カジヒデキはポップの人だと思っていたが、こういう粗っぽい曲も書くのかと意外。
Hiromixはあくまで写真家なので、ボーカルがそんなに強くなく素人くさいのが
なんだかシューゲイザーっぽくて逆に素敵。
完璧と言えないアレンジや歌が完璧なカジヒデキの曲と合わさって絶妙なバランスになっているのかもしれない。
歌詞については専門家ではないHiromixが作詞しているからか、日常的で素朴な詞で
2000年一歩手前の渋谷のクリスマスがパッキングされている感じだ。
この曲に感じる「言いようのない懐かしさ」はどこから来るんでしょうネ。
特に後期渋谷系の曲からは僕が生まれる前の曲なのに
小さいころに行ったショッピングセンターに当時の最新アイテムが並んでいる様子が目に浮かぶ。
思うに、後期渋谷系は2000年代初頭のプロダクトデザインに強い影響を与えているのじゃないかと思う。
例えば子供のころに友人が面白そうにやっていた塊魂なんかのゲームには
サントラ含め、その影響がかなり反映されている。
でも、この時代以降こんな雰囲気の物品を見ていない。この年代が渋谷系の終わりだったのだろう。

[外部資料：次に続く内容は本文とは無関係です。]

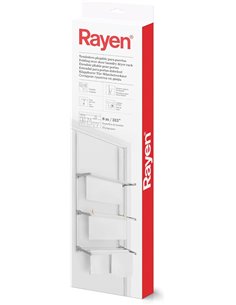 Rayen | Tendedero Plegable para Puertas y Pared, Varillas XXL, 8m de Superficie de Tendido, Multifuncional, Blanco y Gris, 62.5x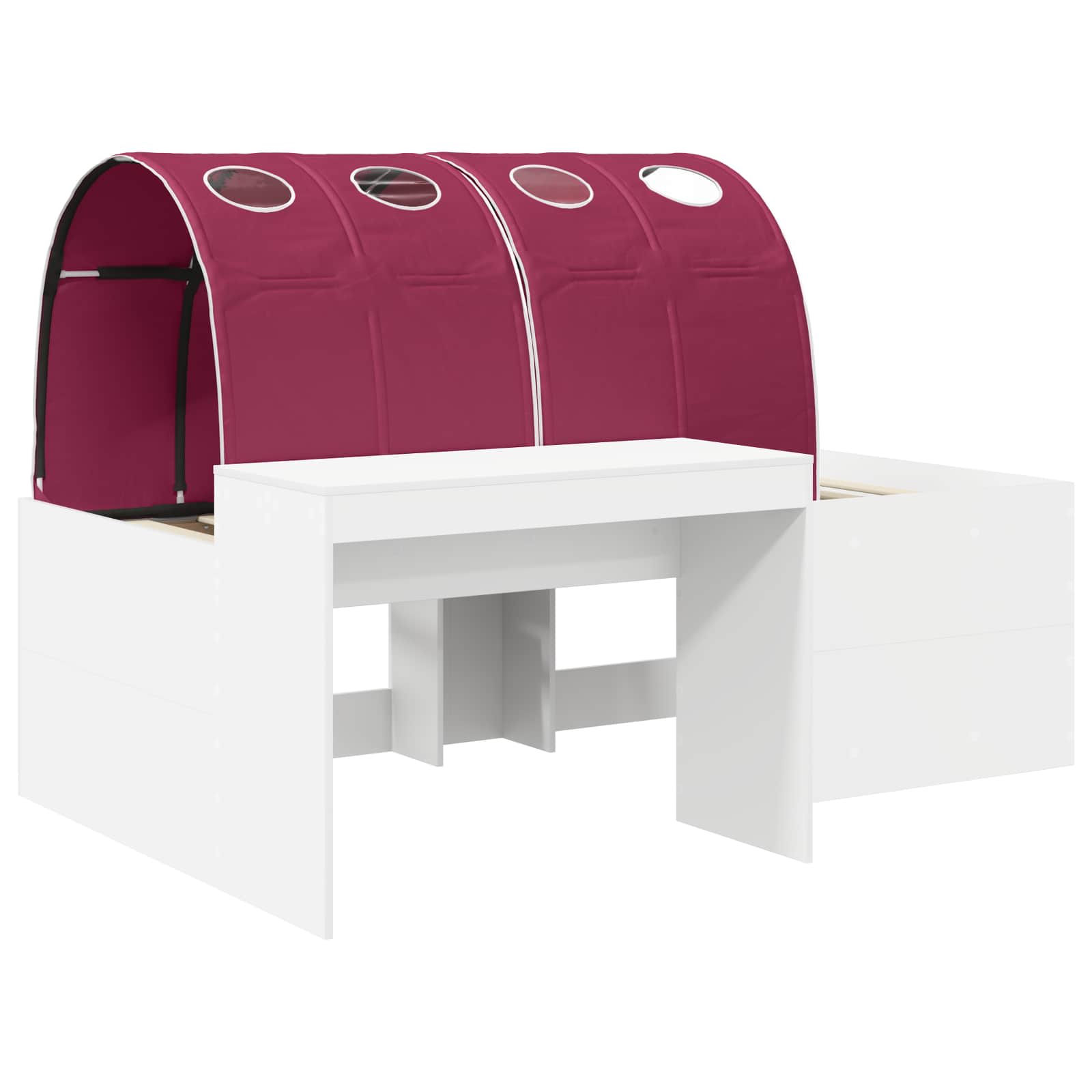 vidaXL Łóżko z Tunelem 4 pcs Dąb Artisian i Czerwony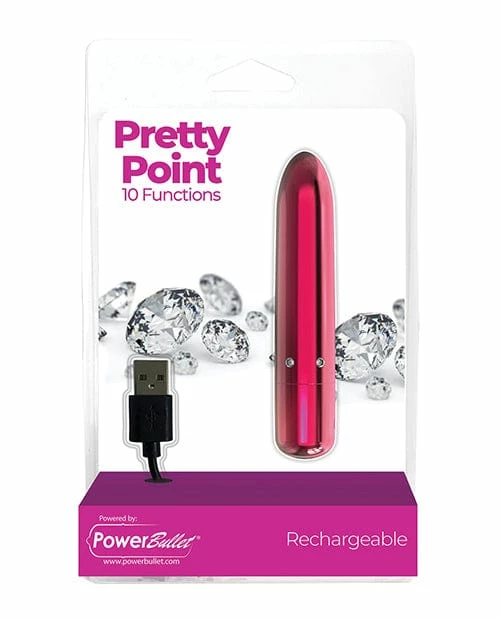 B.M.S. Enterprises Pretty Point Rechargeable Bullet - 10 Functions Vibrators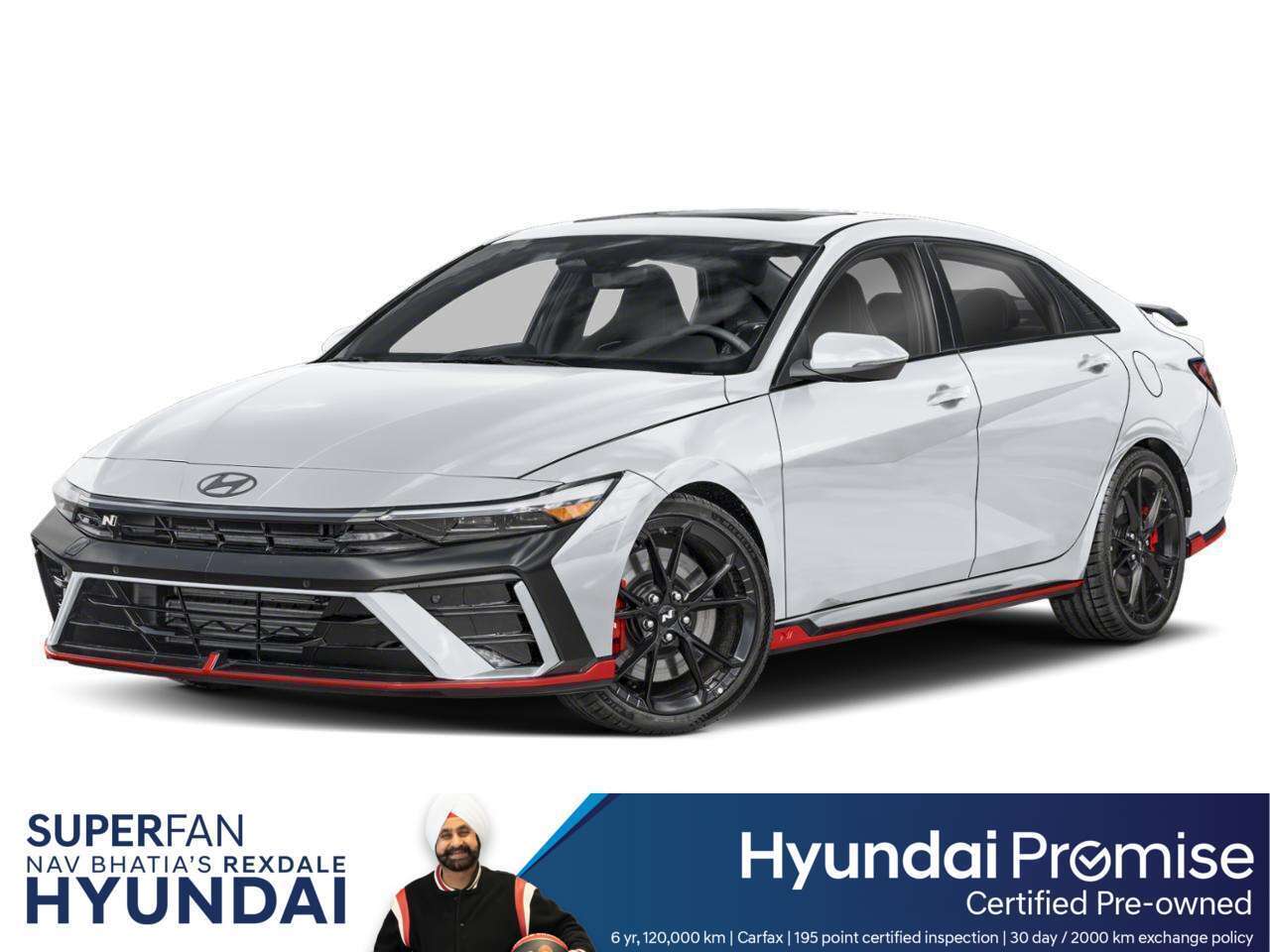 White 2025 Hyundai Elantra N Sedan Front-Wheel Drive 8-Speed Dual Clutch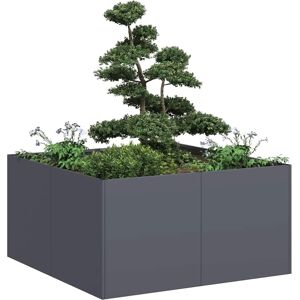 vidaXL Plantekasse antrasitt 80x80x40 cm kaldvalset stål
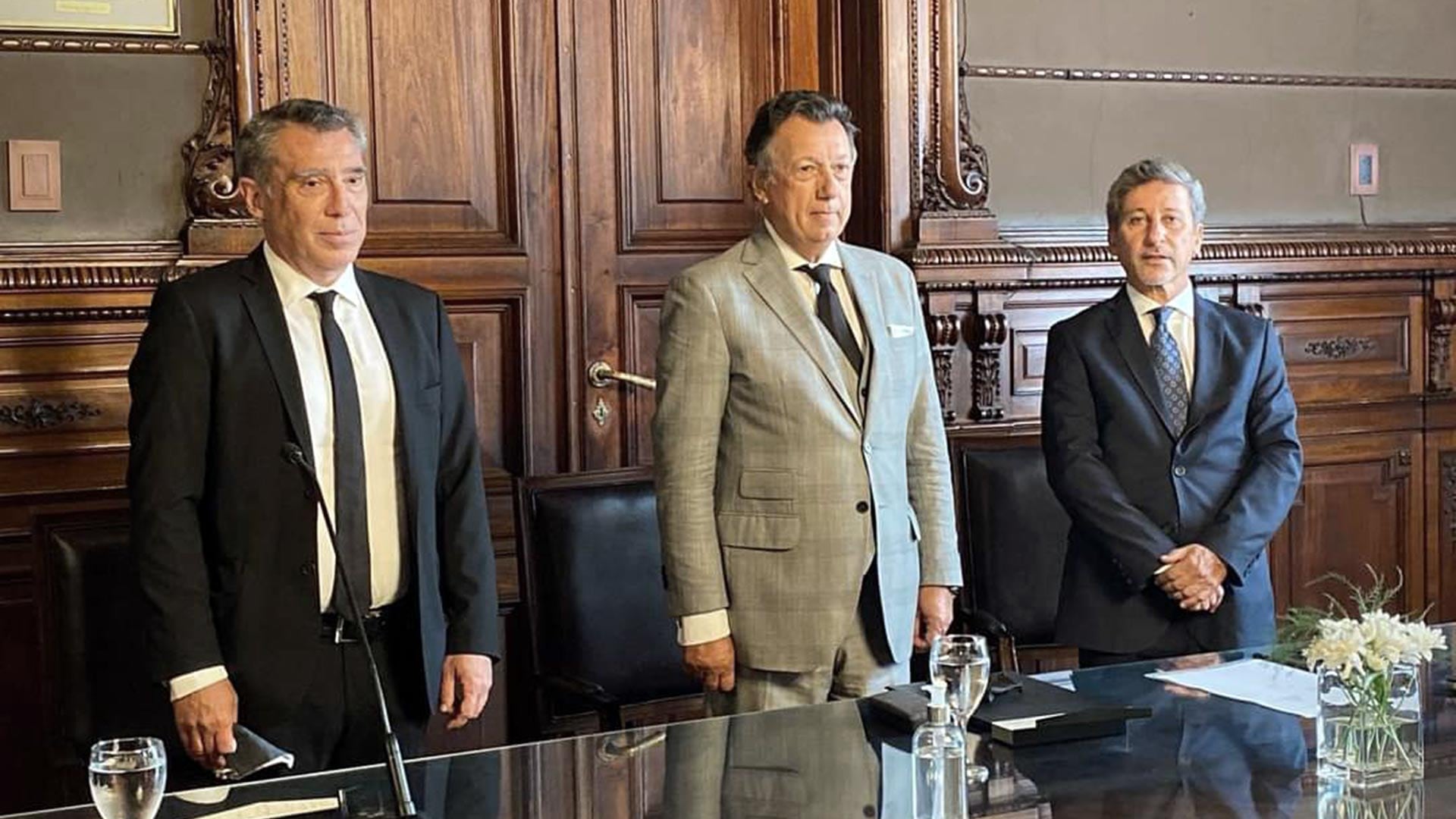 Los jueces de la Cámara Electoral, Corcuera, Dalla Vía y Bejas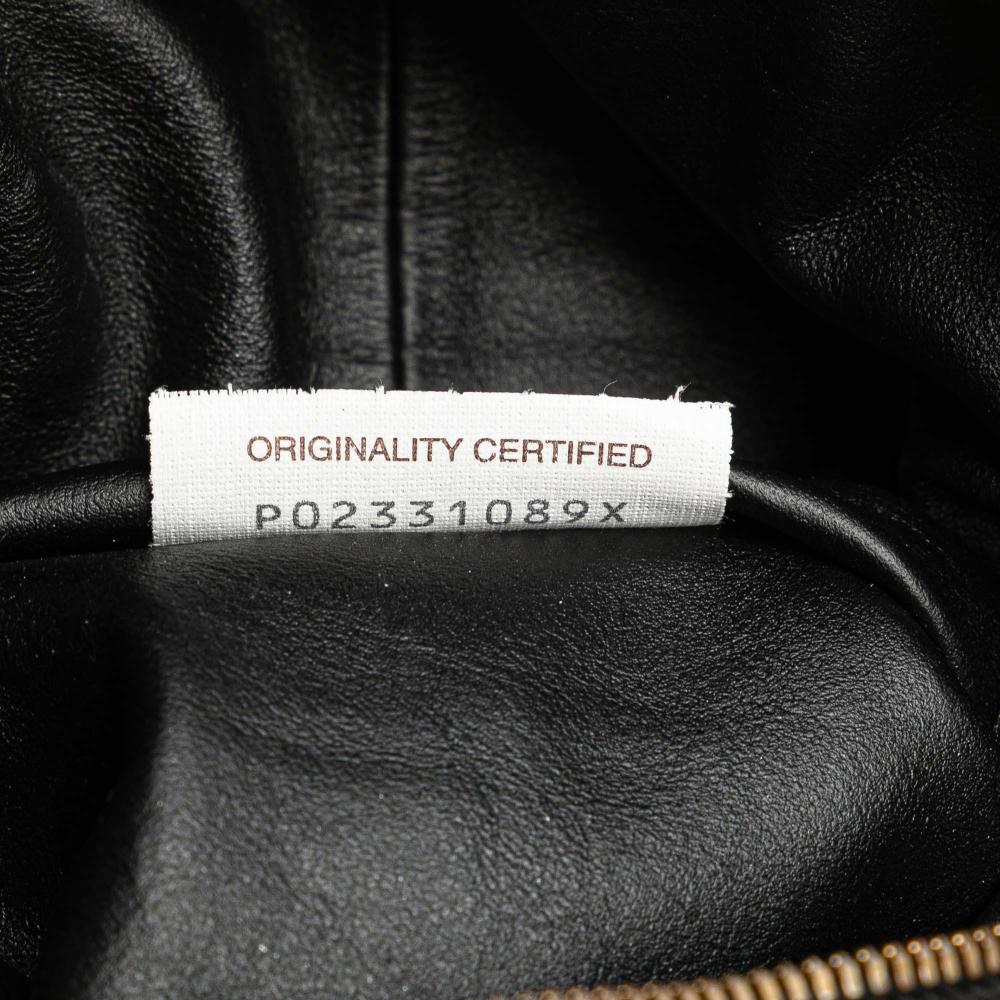 Bottega Veneta B Bottega Veneta Black Calf Leather Mini skin Double Knot Bag Italy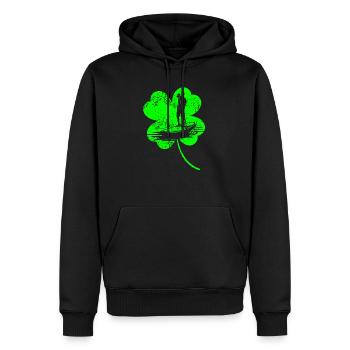 Paddleboard Trèfle de la Saint-Patrick - Sweat à capuche Premium bio Homme - noir - Devant - Nico (187cm)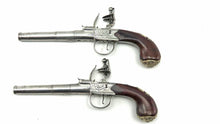 Load image into Gallery viewer, Silver Mounted Flintlock Pocket Pistols by Heylin. Ref 9350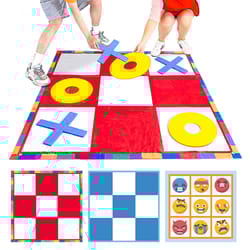 giant floor chess set for outdoor indoor play fun party game for kids and adults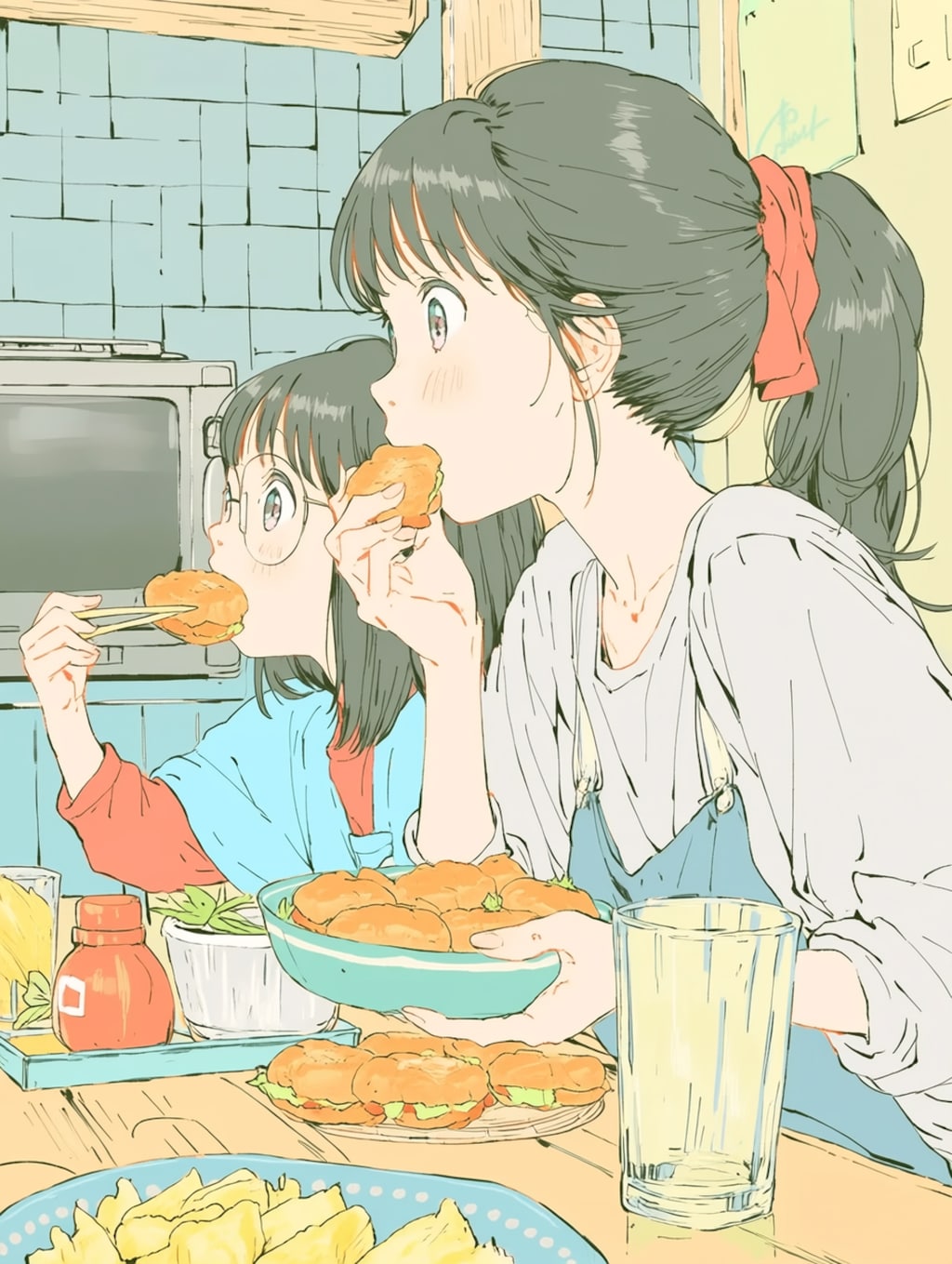 8月8日は、いただきますが忙しい。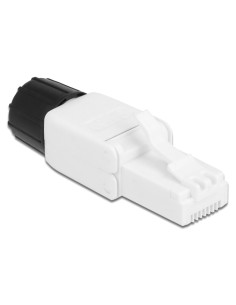 DELOCK βύσμα RJ45 CAT 6 UTP 86977, tool-free, λευκό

そう考えると、渋谷系の残り香を体験できているだけでもありがたいネ・・・
とすれば、渋谷系が生まれたのが80年代終わり~90年代初頭なので
新しく生まれたカルチャーの最終形態が出てくるまでおよそ15年くらいかかるのかもしれない。
つまり、文化の寿命は15年くらいまでなのだろう。
そう考えると、割と辻褄が合う感じがしてくる。
まあ、色々抜きにしてもこの曲は良い。
僕がまだ生まれていない渋谷のクリスマスの景色が懐かしくなります。